Anak belajar dengan cara
membangun pengetahuannya.
3.
Anak belajar secara alamiah.
4.
Anak belajar paling baik jika apa
yang dipelajarinya mempertimbangkan keseluruhan aspek pengembangan, bermakna,
menarik, dan fungsional.
2.
Hakekat bermain.
Bermain
menurut Mayesty adalah kegiatan yang anak-anak lakukan sepanjang hari karena
bagi anak bermain adalah hidup dan hidup adalah permainan. Anak usia dini tidak
membedakan antara bermain, belajar dan bekerja. Anak-anak pada umumnya sangat
menikmati permainan dan akan terus melakukannya dimanapun mereka memiliki
kesempatan. Piaget dalam Mayesty mengatakan bahwa bermain adalah suatu kegiatan
yang dilakukan berulang-ulang dan menimbulkan kesenangan/kepuasan bagi diri
seseorang; sedangkan Parten dalam Dockett dan Fleer memandang kegiatan bermain
sebagai sarana sosiaisasi, diharapkan melalui bermain dapat memberi kesempatan
anak bereksplorasi, menemukan, mengekspresikan perasaan, berkreasi, dan belajar
secara menyenangkan.

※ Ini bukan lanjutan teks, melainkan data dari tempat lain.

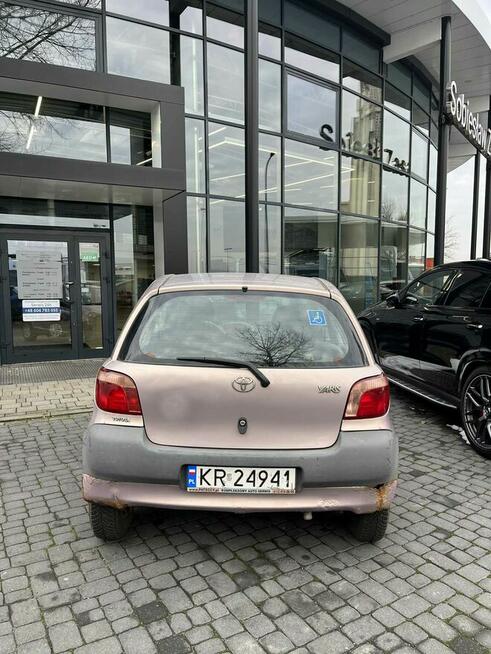 Mały samochód Yaris Kraków - zdjęcie 5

Selain itu, kegiatan bermain dapat membantu anak mengenal
tentang dirinya, dengan siapa dia hidup serta lingkungan tempat dimana dia
hidup.
Menurut
Bettelheim kegiatan bermain adalah kegiatan yang “tidak mempunyai peraturan
lain kecuali yang ditetapkan pemain sendiri dan tidak ada hasil akhir yang
dimaksudkan dalam realitas luar”. Sedangkan menurut Dockett dan Fleer
berpendapat bahwa bermain merupakan kebutuhan bagi anak, karena melalui bermain
anak akan memperoleh pengetahuan yang dapat mengembangkan kemampuan dirinya.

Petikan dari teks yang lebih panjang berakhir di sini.